Along with air to breath and water to drink, soil is one of our most important natural resources. Without it we would starve. However, due to poor farming practices, we are using soil at a completely unsustainable rate. The United Nation’s General Assembly has designated 2015, the International Year of Soils, to raise awareness of the urgent need to switch to sustainable soil management. If we do not make major changes to farming methods, food production will decline in future, instead of rising to meet the needs of a growing population.
Most current food production methods do not nurture the soil. Instead they exploit it, as if it were an infinite resource. As a result, 24 billion tonnes of soil is washed or blown away every year. That’s equivalent to 3.4 tonnes for every adult and child on the planet, every year. As well as being eroded, soil is also being degraded – losing its organic matter and structure – a process which ultimately turns 30 million acres of food producing land into desert every year.
Soil isn’t just important because it is the source of our food, it also plays a vital role in regulating the climate, providing clean drinking water and supporting plant and animal biodiversity.
The situation will only improve if we all understand what is going wrong and why, and what needs to change. There are many inspiring examples from around the globe of farmers who care for their soil, as well as examples of how once degraded land and even desert, is now producing food and sustaining local communities again. However, there are many more examples of abused soils in serious decline.
In this International Year of Soils, the Sustainable Food Trust will be returning to soil many times. We start with an introduction to this extraordinary and life-giving natural resource.
- Over 95% of our food comes from the soil. The quality of soil influences the quality of food, especially in relation to the content of important trace elements, such as selenium and zinc, and arguably also in relation to taste.
- A spoonful of healthy soil can contain more living organisms than there are people on the planet. The more fertile the soil is, the more organisms it has living in it. These organisms include bacteria and fungi, as well as larger soil creatures like nematodes, earthworms and ants. All are important for the health of soil.
- Soil is a mixture of minerals from rocks (45%), organic matter derived from decaying plant and animal material, plus the tiny living creatures in the soil (5%) – along with air (25%) and water (25%). It takes approximately 500 years for 1 inch of soil to form.
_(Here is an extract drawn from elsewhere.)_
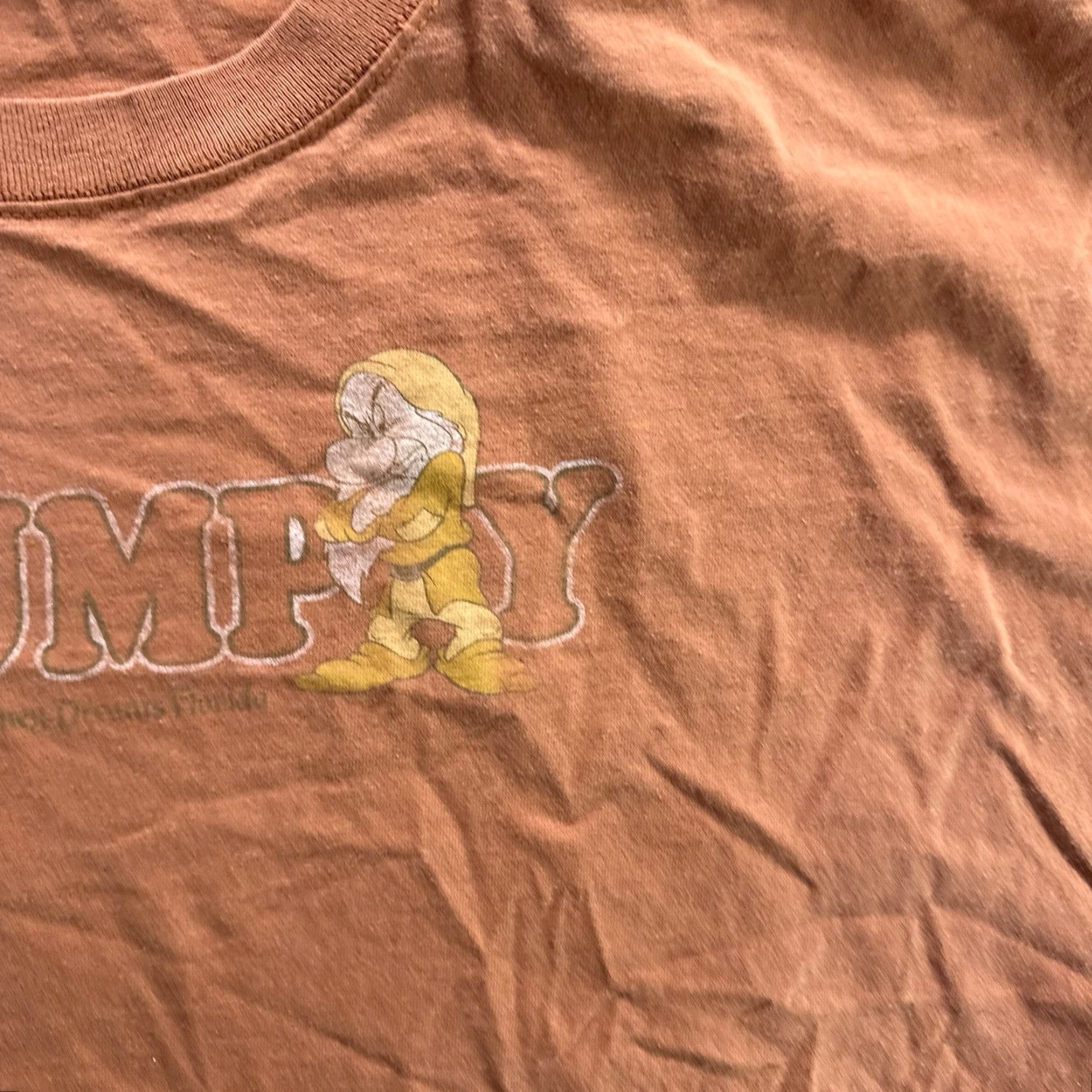 Disney VTG Disney Grumpy Dwarf Shirt Mens XL Rust Brown Snow White Graphic Tee T-Shirt Size US XL / EU 56 / 4 - 7 Thumbnail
- Soils still contain more carbon than the atmosphere and all the world’s forests combined. Soil is one of our key defences against climate change because of this. The healthier the soil, the more carbon it holds.
- Soil organic matter is about 50% carbon. Humus is dark, stable, organic matter in healthy soils. Each gram of humus can hold twenty times its own weight of water, allowing soils with high organic matter to act as a sponge to soak up heavy rain and continue to provide moisture for crops during dry conditions.
- To increase humus levels by adding organic matter, it is vital to compost it first in an aerobic way to introduce oxygen before adding it to the soil.
- Most cropland globally has lost 30-40% of its organic matter. Well managed grassland that is not overgrazed generally rebuilds organic matter.
- Professor John Crawford of Rothamsted Research has pointed out that, at the current rate of degradation, we only have enough soil left globally to provide food for another 60 years. Soil degradation in countries with temperate climates is less severe than in some parts of the world, but researchers at Sheffield University claim that even in the UK we only have enough soil left for another 100 harvests at current rates of decline.
- Grapes of Wrath by John Steinbeck tells the story of families that had to leave their land and become migrant workers due to soil erosion in the 1930s. The severe soil degradation in the ‘Dust Bowl’ was caused by unsustainable farming practices which replaced native deep-rooting long grasses with continuous cropping of mostly wheat and led to three million people leaving farms in the praires of North America and Canada.
- History shows that civilisations, like the Summerian society in Mesopotamia (the world’s first literate culture) which flourished from 3,000 BC, came to an end because of over-cropping and over-irrigation of their soils. Irrigation in hot countries is a major cause of salinisation – the build up of salts in topsoil, because evaporation prevents minerals being taken down to plant roots. As US President, Franklin D. Roosevelt said: “A nation that destroys its soil destroys itself”.